A pair of scissors is used to cut a wire of circular cross-section held vertically. To reduce required force the wire must be placed close to the hinge; but if it is placed close to the hinge, it slides away from the hinge until the angle between the blades becomes θ. Find the coefficient of friction between the blades and the wire

A. \[\cot \left( {0.5\theta } \right)\]
B. $\tan \left( {0.5\theta } \right)$
C. $0.5\tan \theta $
D. Insufficient data

Answer 1

Hint: The Normal act perpendicular to the point of contact. The frictional force between two objects always acts at the point of contact. If a body is in equilibrium then all the forces need to balance out each other because the resulting force in any direction would set a body in motion.
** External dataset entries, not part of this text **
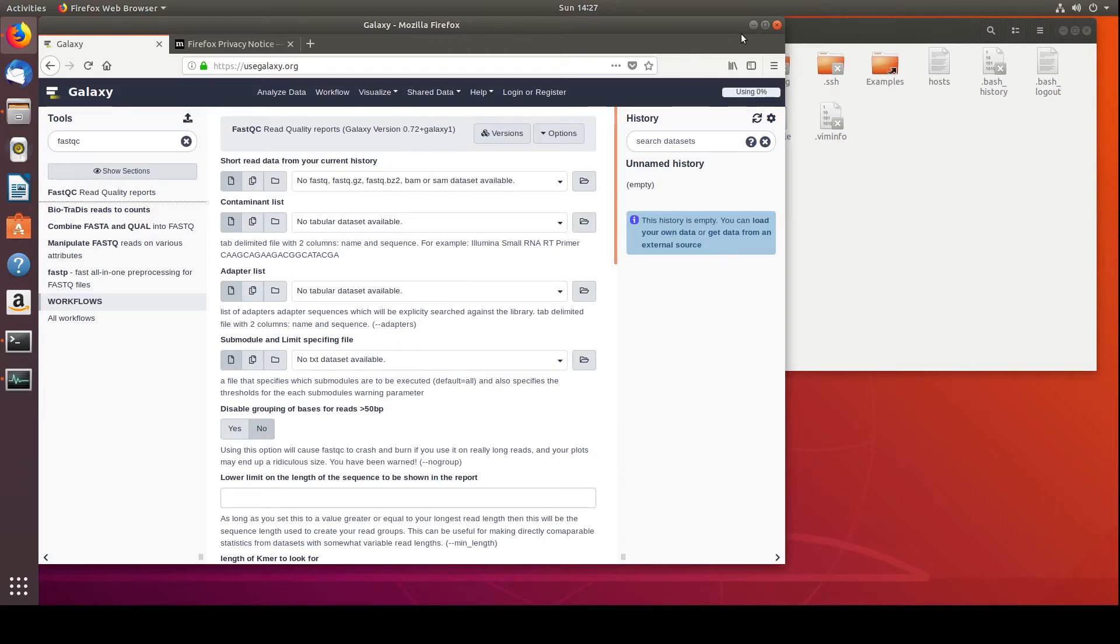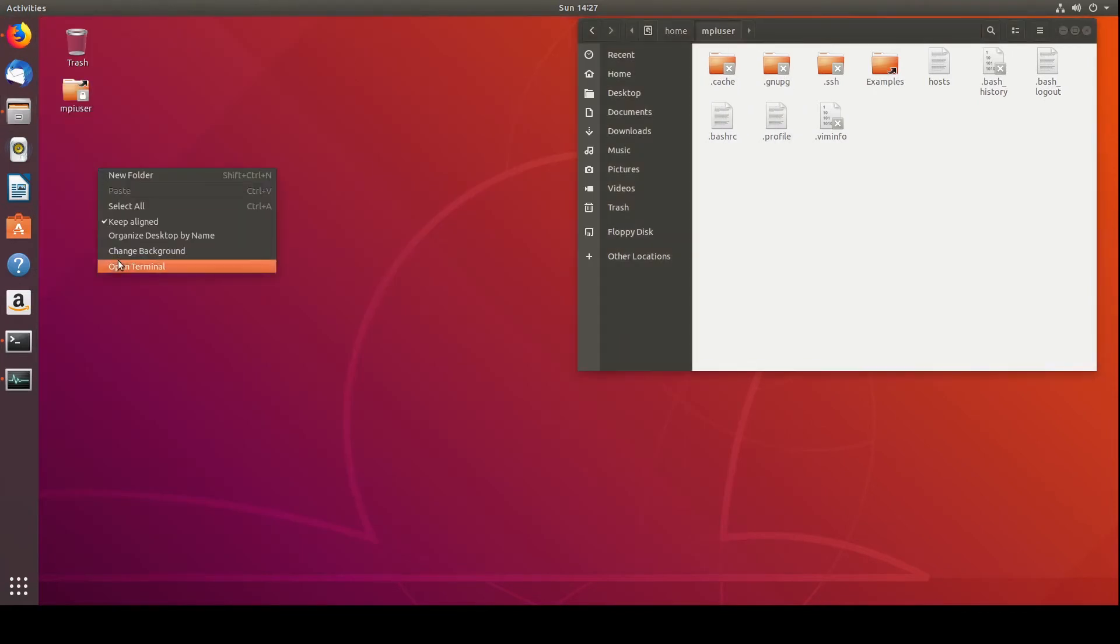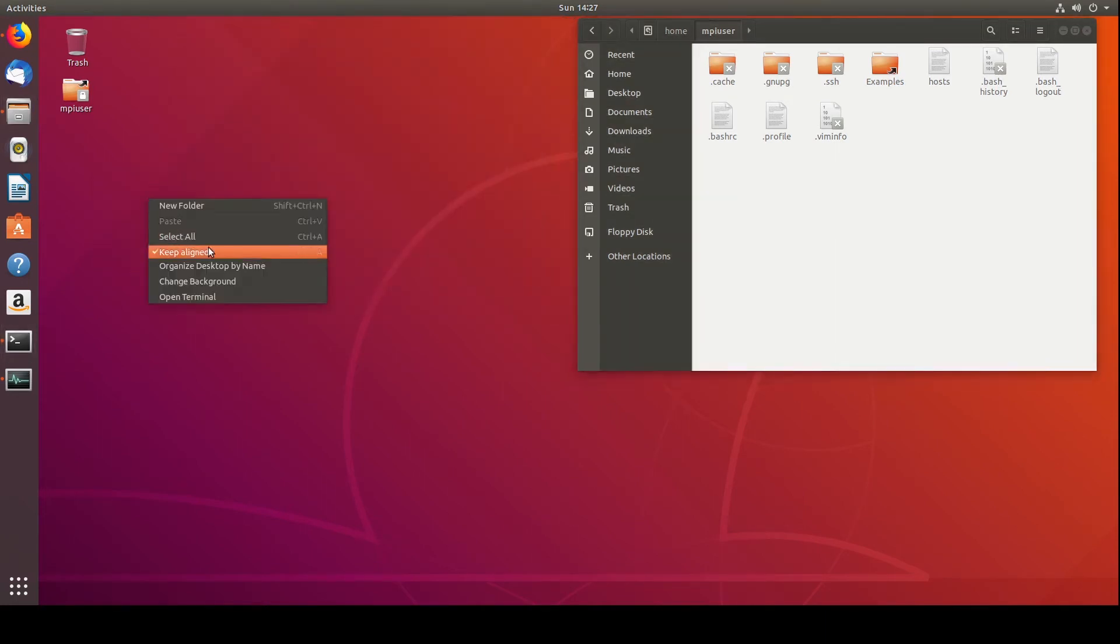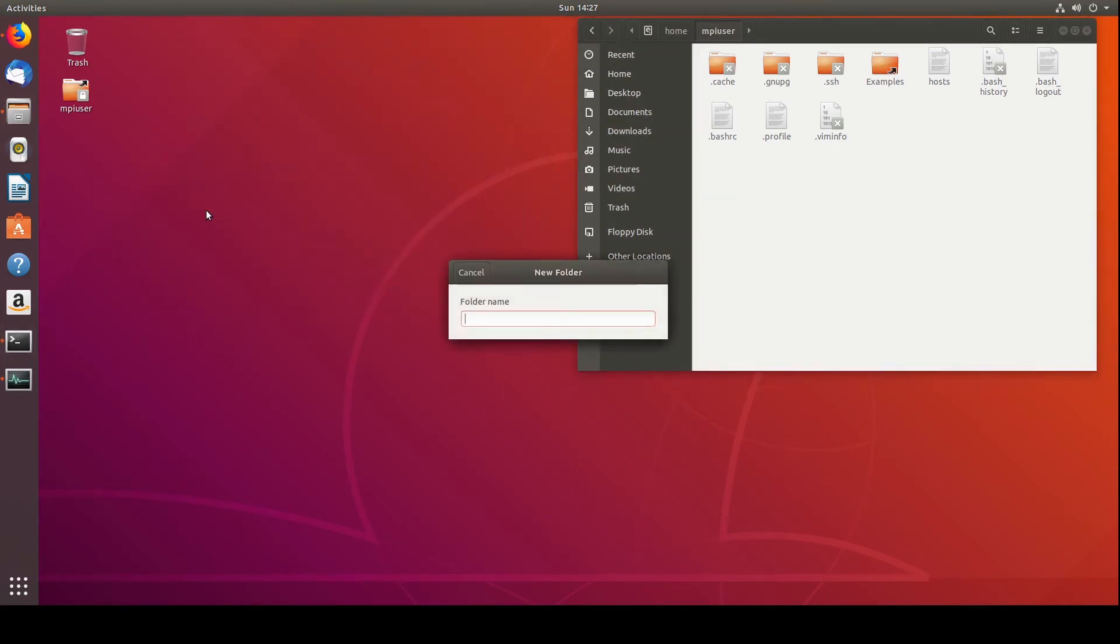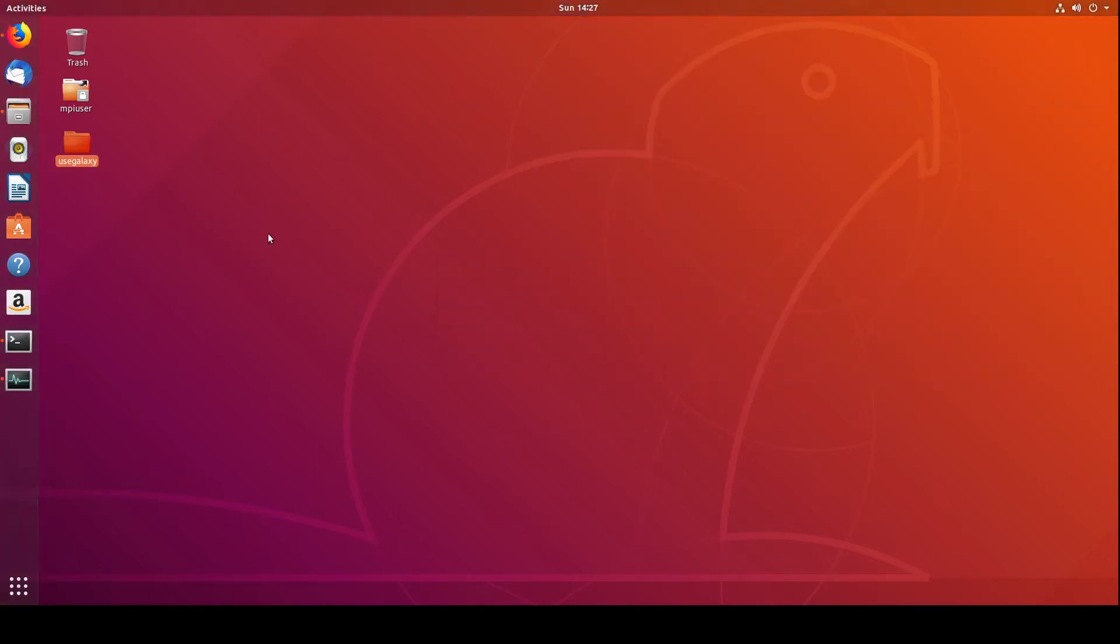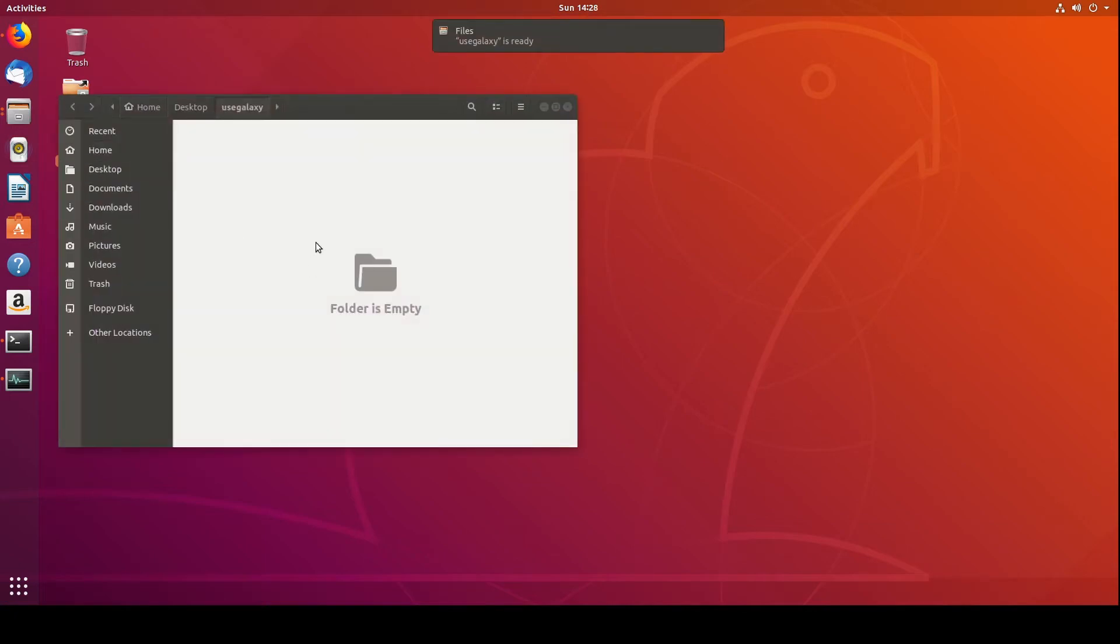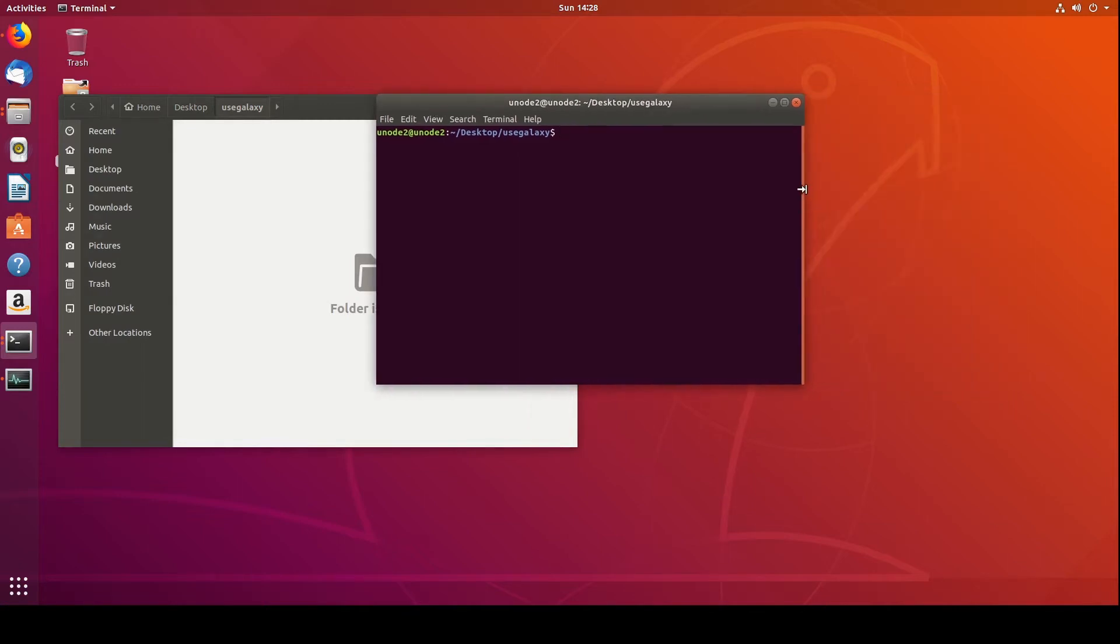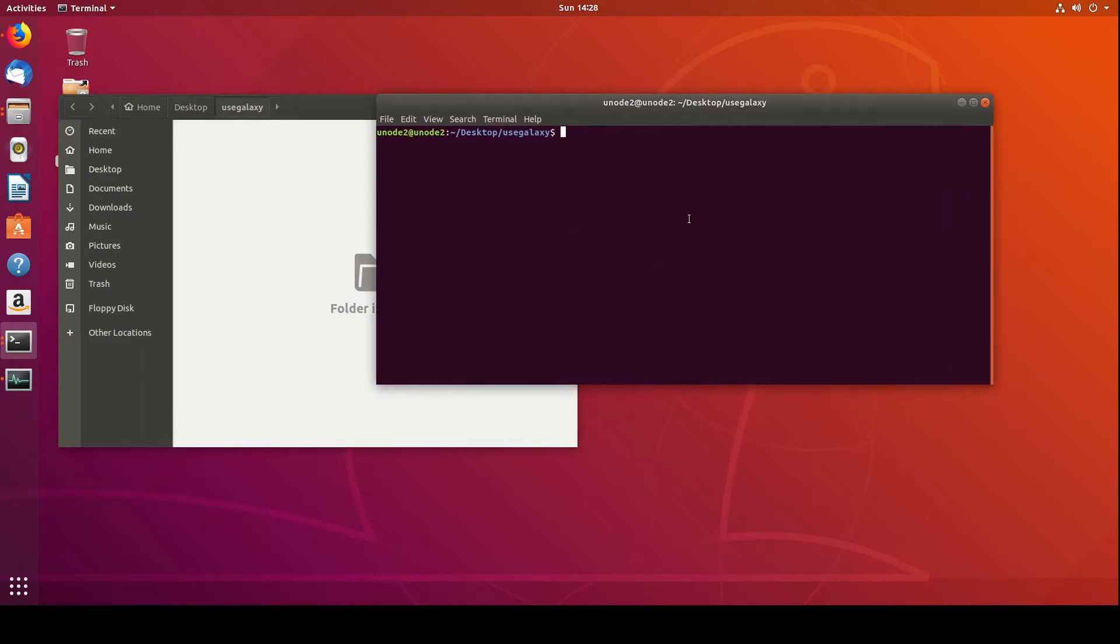So the first thing that we're going to do to get this installed is we're going to create another folder. We'll create another folder, new folder, and we'll just call it UseGalaxy for now. This is just going to be a place where we're going to download all of the information that we're going to install from to get that going. So we'll go into it. We'll right-click, open in terminal, and then what we're going to want to do is we're going to want to clone the GitHub repository. And for this, we'll run it first.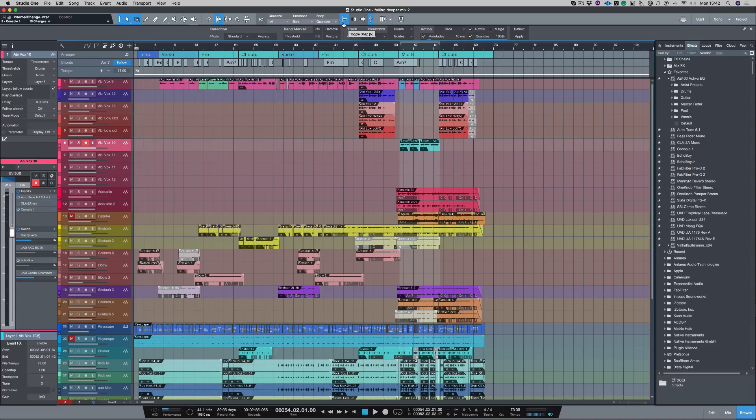Hi, I'm Paul from Production Expert. In this video, I'm going to show you how you can change and make shortcuts inside of Studio One.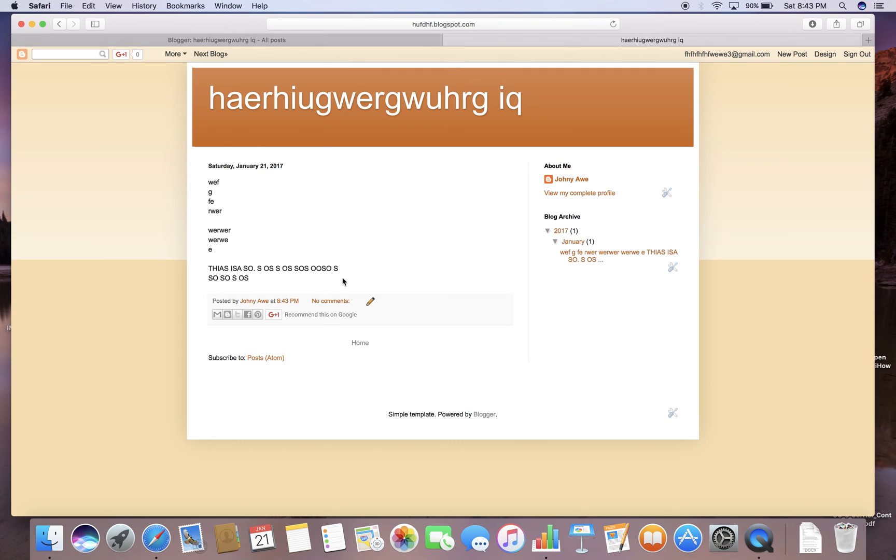It just looks weird honestly, but once you keep typing on it and customizing it, it'll look a lot better. I mean, it's a pretty cool thing.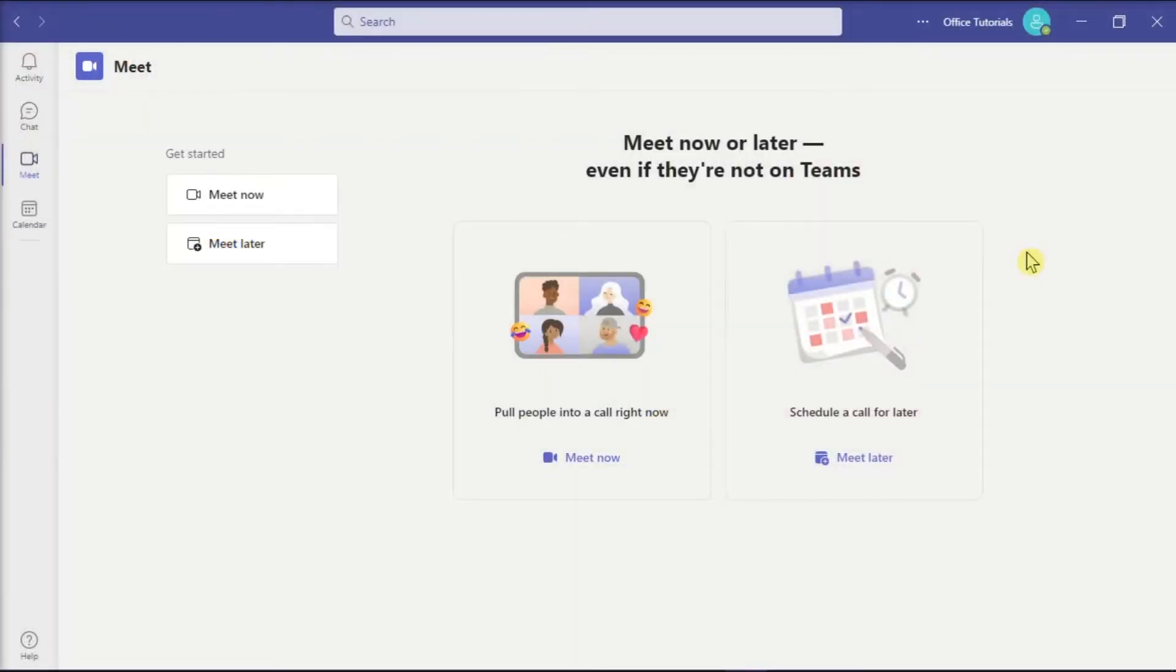Microsoft Teams allows for instant messaging, voice or video calling, file storing, sharing, collaborative editing, and more.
Complete step by step answer:
In this question, it is given that while we apply force for cutting the wire, the wire rolls away and thus there is an angle $\theta $ is formed between the tongs of the scissors
Here the particle will try to move away from the scissor and the frictional force will act in the opposite direction.
We will draw the free body diagram

Here,
Let after the motion the wire rest at a position shown in the figure
There will be two points of contact A and B
At A the angle of contact be $\left( {\dfrac{\theta }{2}} \right)$ and the angle will same at point B also due to symmetry
Now the force $f$ will act along with the point of contact of wire.
Now we will resolve the forces into a perpendicular axis
$f\cos \dfrac{\theta }{2}$ for force $f$
And $N\sin \dfrac{\theta }{2}$ for normal $N$

Now one component of each friction force and normal force will be the axis shown in the figure and will be opposite in direction as they are acting away from each other
As we know the frictional force is given by
$f = \mu N$
Where
$\mu $ the coefficient of friction
$N$ the normal force

We can see in the figure that angle at B will be equal to the angle at O i.e$\dfrac{\theta }{2}$ due to vertically opposite angle property
Now it is clear that for the wire to be in equilibrium the two forces should be equal in magnitude so there would be no resultant force will be there to cause motion
Equating forces, we get
$
  N\sin \dfrac{\theta }{2} = f\cos \dfrac{\theta }{2} \\
  \because f = \mu N \\
  \therefore N\sin \dfrac{\theta }{2} = \mu N\cos \dfrac{\theta }{2} \\
   \Rightarrow \mu = \tan \dfrac{\theta }{2} \\
   \Rightarrow \mu = \tan \left( {0.5\theta } \right) \\
 $

Hence, the correct answer is option (B).

Note: The value of the normal force will always be equal to the product of the coefficient of friction and applied force. For a body to be in equilibrium the net effect of all the forces along all the directions should be zero. The force of friction always acts along with the point of contact.